Within the criminal justice system, Godbold — a trauma specialist — said that there is more work to be done to minimize the amount of retraumatization done to survivors of sexual assault who seek justice through the law.
“That is an unavoidable flaw that you probably will have to tell it a couple of times,” Godbold acknowledged. But what can be avoided, she said, is educating investigators and attorneys to be more trauma-informed in the way they do their work — work that she said is already happening in countries like Ireland and Canada.
For example, that education could begin with a better understanding of how the brain processes traumatic events and how the recall of those events is affected by that trauma, Godbold said.
“For the first 72 hours, your stress hormones are in your body, and you’re probably in ‘survival brain.’ And so the higher part of your brain, which includes being able to have chronological memory, it’s not online,” Godbold said. “So not understanding that, defense lawyers have been able to make a lot of, ‘She said this, and then she said that, and she’s changing her story.’ And the truth is that you’re not going to have a good recall — it’s going to be fragmented, at the beginning.”
“Even understanding that would at least allow the sexual assault survivors to feel like they were being believed, rather than being disparaged for an inability to create a coherent timeline,” she added.
In the entertainment industry — and any other industry, for that matter — still remains the mountain of shifting how power is wielded over others and, in some cases, abused to devastating effect.
“This was a man that really worked his entire career to manipulate people, intimidate people, scare people. That was what made him so dangerous,” Lauren Sivan, a reporter and silence breaker who said Weinstein exposed himself to her, told TheWrap. “If he didn’t have the power, if he didn’t run Hollywood, if he wasn’t who he was, I don’t know that he would have been able to rack up as many victims as he did.”
Another Weinstein silence breaker, actress Larissa Gomes, said that bystanders should also feel emboldened to speak up if they witness sexual misconduct taking place and unions should ensure they allow their members to have places to report behavior without fear of retribution. Further, children working in the business who are often the most vulnerable need to be protected from sexual abuse, Gomes added.
Gomes also acknowledged that the “strong message” sent by Weinstein’s sentencing and the broader #MeToo movement might be confusing for some men in the industry.
“I’ve heard some people talking about, ‘How am I supposed to comport myself now? I feel scared that I might say something wrong or do something,'” Gomes said. “Well, it’s quite simple. Everyone just wants to feel safe in their work environment. Treat people with respect, and that’s it.”

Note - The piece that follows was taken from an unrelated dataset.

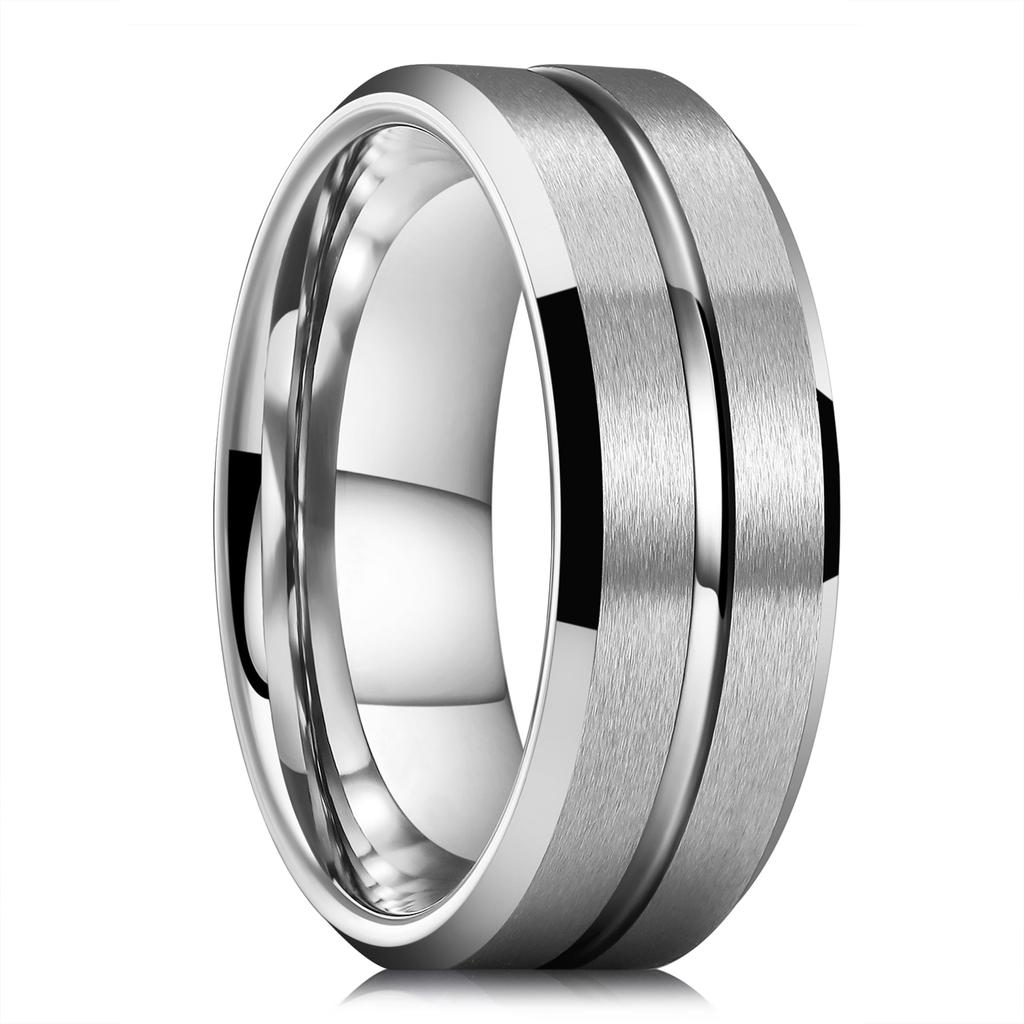 Luxury 8mm Gold Color Men Stainless Steel Wedding Rings Inlay Meteorites Engagement Rings For Men Party Jewelry Drop Shipping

“There’s this new path opened, which is the side of victory. And I feel like people can step over into victory now. A road has been paved,” said actress and silence breaker Katherine Kendall
All this is to say that the ripple of the Weinstein story — from when the alleged assaults took place, to when the first stories were broken by the New York Times and the New Yorker, to his criminal trial and verdict, and, now, to his 23-year prison sentence — will likely not still for a long while.
“So many people worked to get this day to happen,” Kendall said. “That’s how change happens, is these little increments, and then it looks like it’s one big change, but it was little things along the way, and I think it’s going to take a lot of people still working at it. And then one day, hopefully, it will be different.”